Cómo te lo digo...

Capítulo 56. Todo está claro.

Sandra.

Cuando salí de la sala de reuniones, sentí que todo el edificio me pesaba en la espalda. Las luces, los murmullos, incluso el aire acondicionado que zumbaba con su indiferencia artificial. Todo parecía estar empujándome hacia un lugar donde no quería estar.

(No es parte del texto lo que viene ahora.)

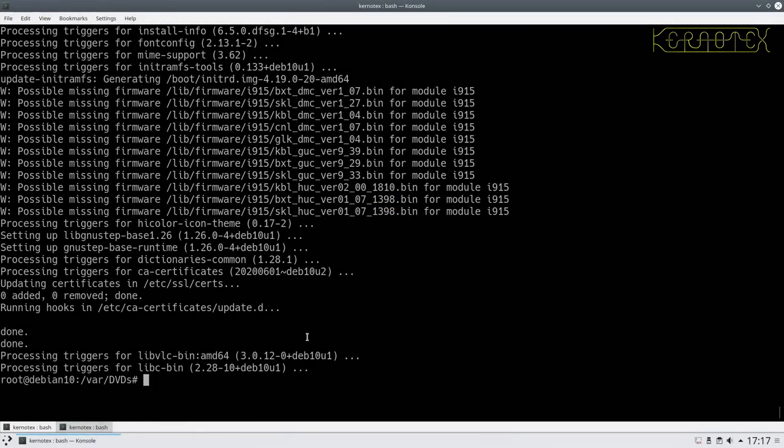Okay, so that has finished updating. There's some information there about possible missing firmware. That's something you'd have to go to the internet for to find out exactly how to install that. That's obviously for the Intel graphics driver. If there was firmware like that on that firmware DVD, it's obviously not pulled it off there if it does exist on there. But basically, that should be updated now.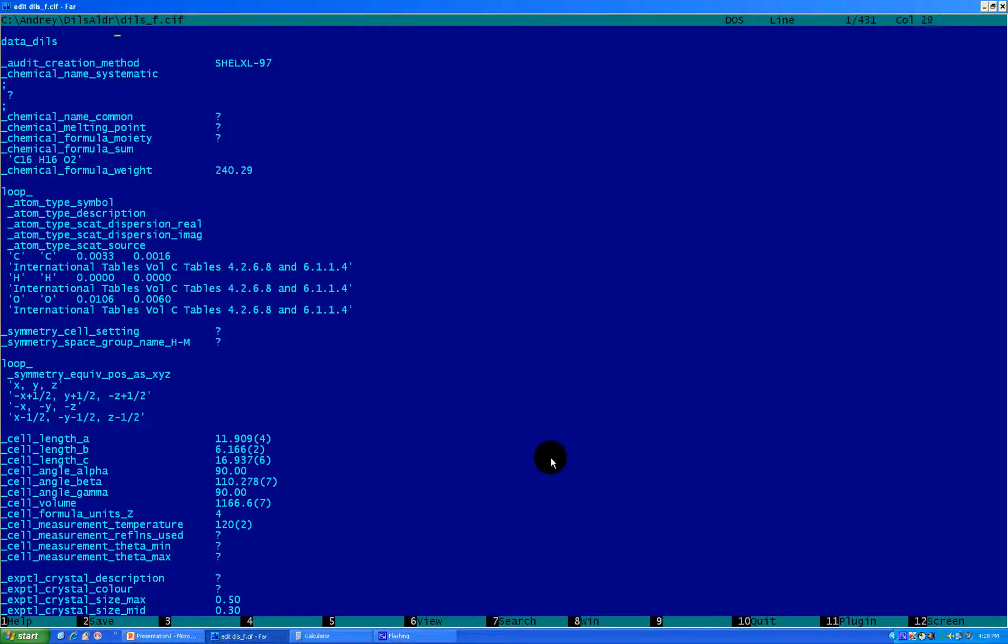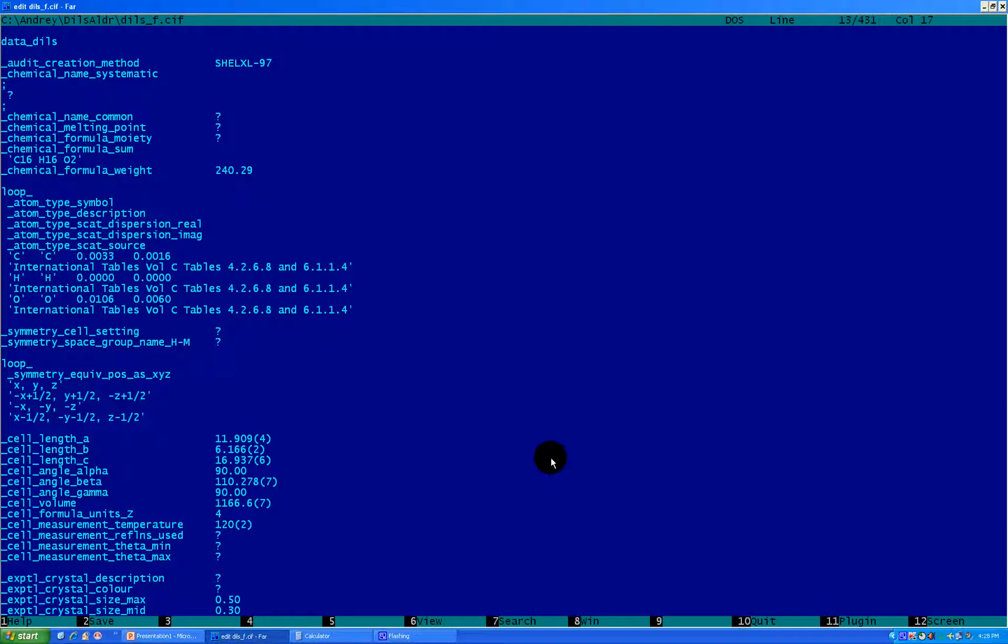Okay, first thing what you see in the first lines is chemical name, systematic - well you can fill it up, you may not fill it up, melting point - it's up to you. Some people do, some people don't, I usually don't do that. But what you need to fill up is chemical formula moiety. What does it mean? Well, here you have chemical formula sum, where it just simply sums all the atoms, and amount of all the atoms in your molecule, or in your actually asymmetric unit.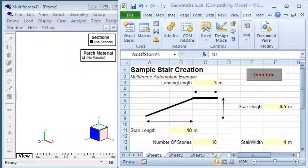Welcome to this brief video explaining how to use multi-frame automation to generate a series of regular stairs and landings.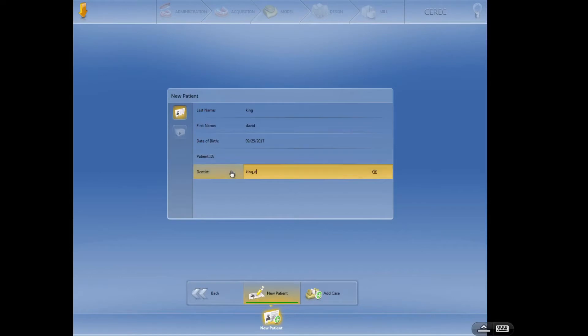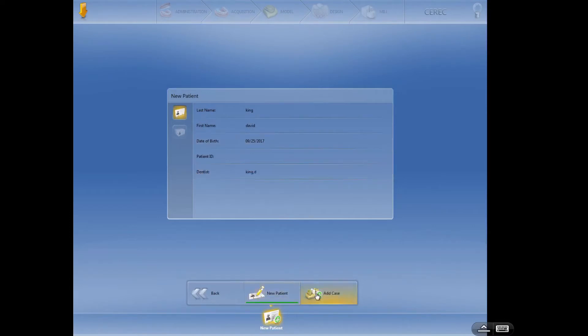So here we are. I've got the patient name, provider name, date of birth. Ideally that would be the patient's date of birth. Then I'm going to add a case.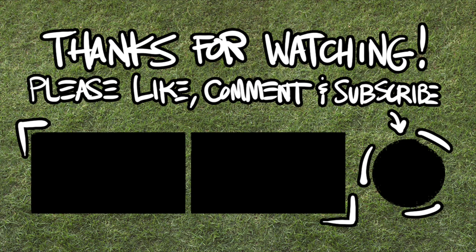I thank you for watching. Like, comment, subscribe, yada, yada, yada, and we'll see you next time. Adios, muchachos.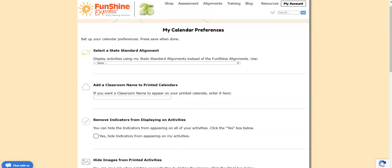This takes you to the my calendar preferences page. We'll learn more about this page in future videos. To edit the calendar domain labels, scroll to the bottom of this page.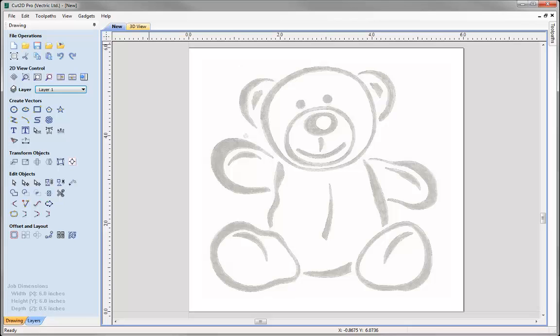Now there is no right or wrong way to vectorize an image, it's just about finding out what works best for you.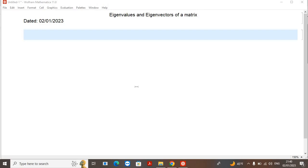Hello everyone, welcome to my YouTube channel. In this video I'm going to use Mathematica to calculate the eigenvalues and eigenvectors of any matrix. Before calculating the eigenvalues and eigenvectors, let me tell you a very common way that we use to calculate them by hand. If I define any matrix, let's say this matrix...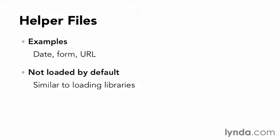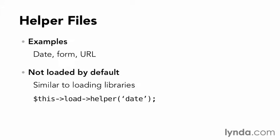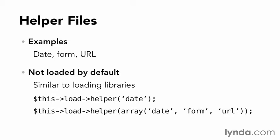If I needed help getting a date, I'd just use the string date: $this->load->helper('date'). If I wanted to load multiple helpers at once, I'd pass it an array of strings, like date, form, and URL.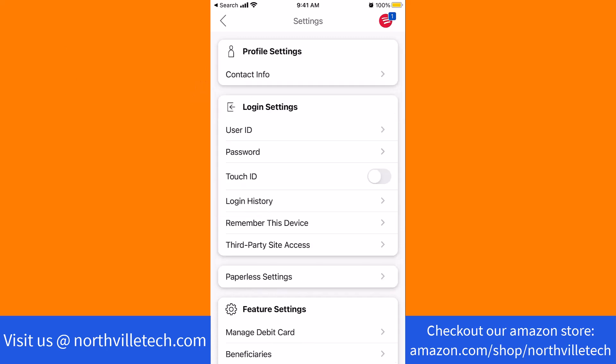On this screen, you will see a section for Touch ID. On its right side is a toggle button. Toggle to On.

Volví a mi oficina y me quedé de pie frente al escritorio, contemplando el caos que yo misma había creado. Papeles, carpetas, post-its doblados, una grapadora caída. La escena de una pequeña catástrofe silenciosa. La búsqueda desesperada de algo que, por supuesto, no había aparecido.

La carta.
Esa maldita carta.

No era solo la misteriosa desaparición de ella, lo que me carcomía. Era la culpa. Esta mañana, cuando Arthur quiso hablar, yo lo corté en seco. No era el momento, me dije. No tenía tiempo, no tenía espacio, no tenía ganas. Me blindé con frialdad y lo despaché sin escucharlo. Pero ahora… ahora no podía pensar en otra cosa que en esas palabras que no dejé salir.
Ahora necesitaba saber qué decía.
No por curiosidad, sino porque algo en mí —algo profundo y tercamente humano— quería entender lo que él había intentado decirme y yo rechacé.

Respiré hondo. Miré el reloj. Tenía dos opciones: seguir removiendo papeles como una lunática o hacer lo que debía haber hecho desde un principio.

Buscar a Arthur. Hablar. Pedirle que me diga qué demonios escribió. Y, de paso, negociar algo que ni él ni yo habíamos considerado todavía: reescribir el contrato. Porque si íbamos a tener un hijo, necesitábamos un nuevo acuerdo. Uno menos enredado, menos contaminado por el pasado.

Quizás era una locura. Quizás era una forma de defenderme. Quizás era conciencia, porque no era justo, esconderle un hijo. Pero necesitaba hacerlo. Necesitaba mirar a Arthur a los ojos y recordarle que yo también tenía derecho a sobrevivir a todo esto.

Tomé mi bolso. Me puse el abrigo con movimiento rápido. Justo cuando abría la puerta, me detuve y llamé a mi ayudante.

—¿Puedes ordenar los papeles que dejé en el escritorio? —dije sin siquiera girarme—. Clasifica todo lo que sea de producción, contratos y asuntos legales. Lo demás, colócalo en la carpeta de descartes.
—Por supuesto, señorita Ruiz —respondió mi asistente, y enseguida se corrigió—. Señora Starmer.
Ese apellido.
“Señora Starmer”. ¿Hasta cuándo tendría que cargar con ese nombre que ya no me decía nada? ¿Hasta que el contrato se termine? ¿Hasta que yo misma me reconozca en él otra vez?

—Sí, una cosa más —añadí, intentando ignorar la punzada en el estómago—. Llama a Honduras y pide una reunión con Fernando Moro para el día quince. Quiero que quede agendada antes del mediodía.
—Está bien, lo haré todo —dijo, con esa eficiencia suave que a veces me alivia y otras me irrita sin razón.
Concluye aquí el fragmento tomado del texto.